だから、絵本を読むのも好きではありませんでした。まだ一人で読める段階ではありませんでしたし、家で行う読み聞かせも好んではいませんでした。自分の名前も、保育園の頃はまだ正確には書けていませんでした。
これからの成長が楽しみな一方で、「小学校に入って大丈夫かな…」という思いも正直ありました。
いよいよ卒園です
保育園を卒業する日を迎えました。
卒園式では、担任の先生が園児の名前を呼び、その子のエピソードを語ります。その間に園児は、園長先生の前に進みます。親は花道にスタンバイします。
園長先生と「おめでとう」「ありがとう」のやり取りがあり、卒園証書を頂きます。園児は受け取った卒園証書を右手に高々と上げ、花道を通って親の所に行きます。

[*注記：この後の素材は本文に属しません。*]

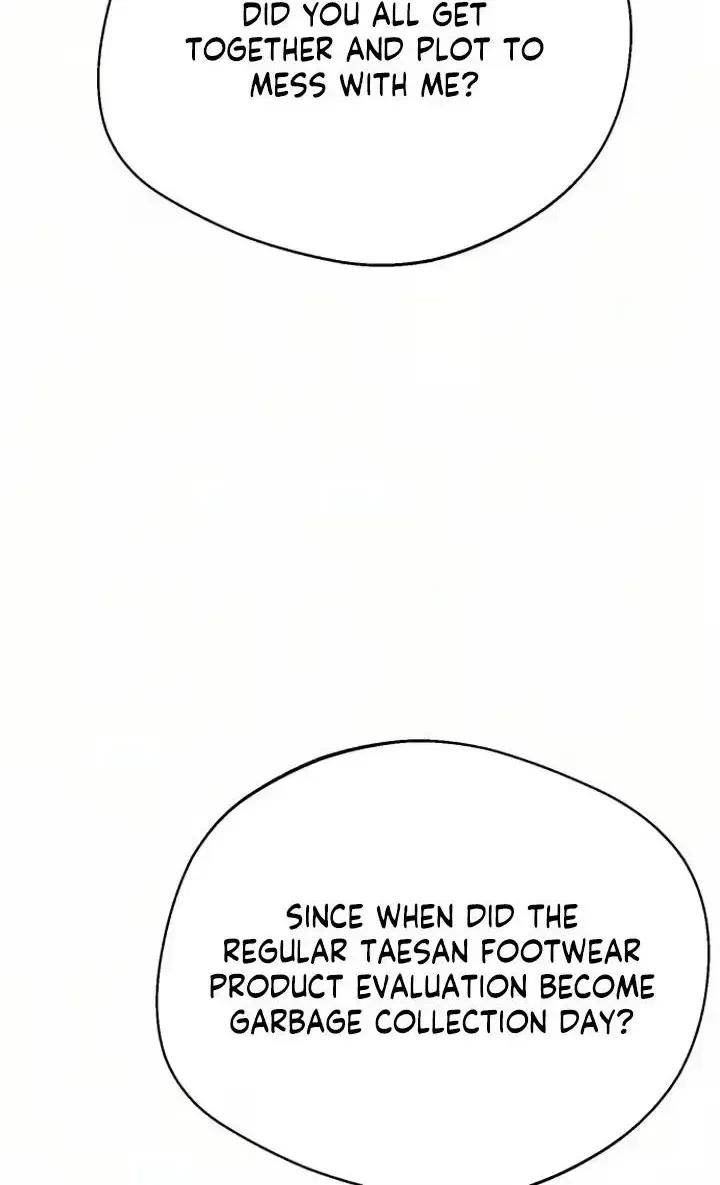The Managing Director is Short of One Night Chapter 30 – Page 20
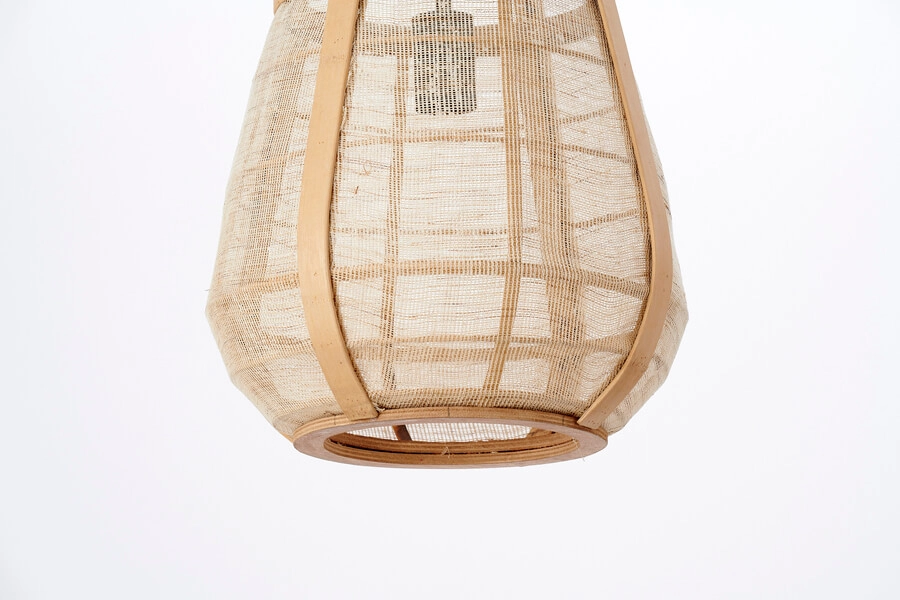 Pendant lamp Jacinto Ø 32cm Light & Living 8717807614560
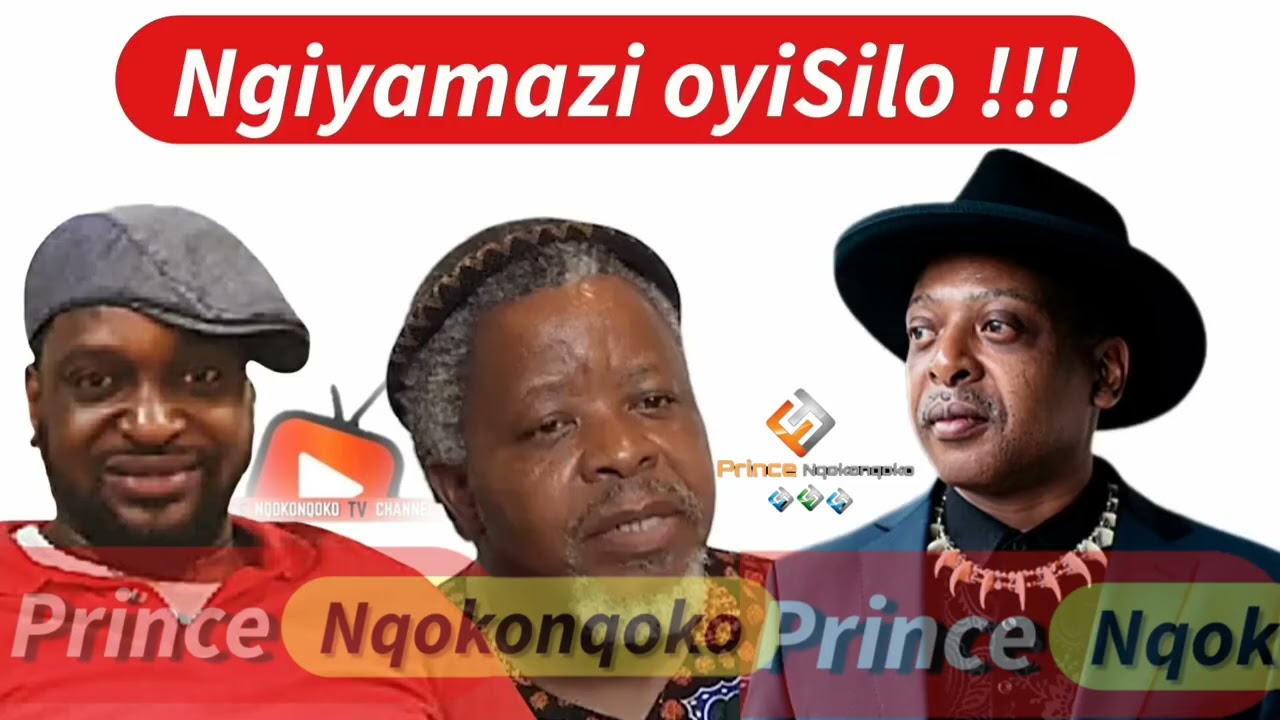 NguBani OyiSilo❓️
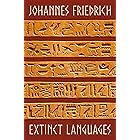 Extinct Languages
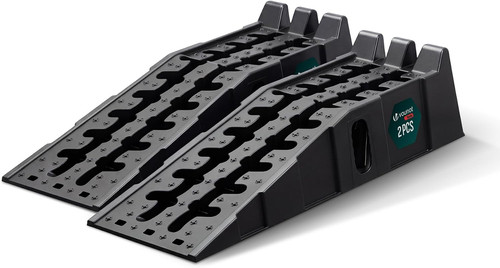 Set rampe per - 2, auto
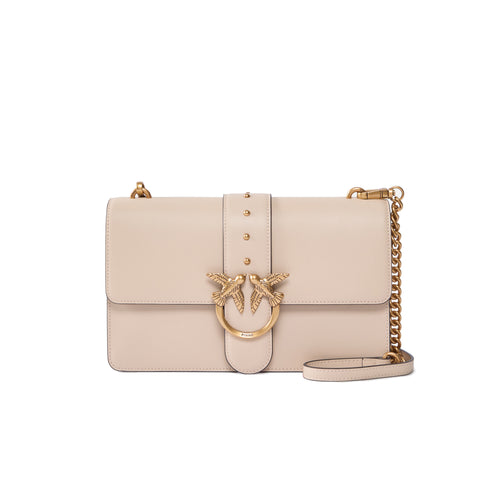 Beige - gr. fumo - ant. gold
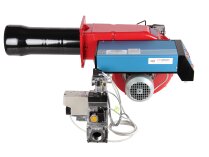 CIB Unigas P61 M-.PR.L.A.8.40 gas burner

園児は親の所に来ると、「お母さん(お父さん)、ありがとう」と言いながら、卒園証書を親に渡します。親は「おめでとう」と言葉を掛けます。親にとっては感動の場面です。
長男の番になりました。これまでのことがいろいろと思い出されて感極まり、長男の番になる前から私は泣いていました。
長男が卒園証書を受け取り、私の前に来ました。
長男:「おめでとう」
私:???
長男の一言で、会場に笑いが…(^^♪ 私も思わず笑ってしまいました。私は「おめでとう」の後に、「ありがとう」の言葉も添えました。
息子の「おめでとう」を、私は「母をねぎらってくれた言葉」と解釈しました。勝手な解釈ですが、すごくうれしかったです。
こうして、長男は無事に卒園しました。そして、いよいよ小学校生活がスタートします。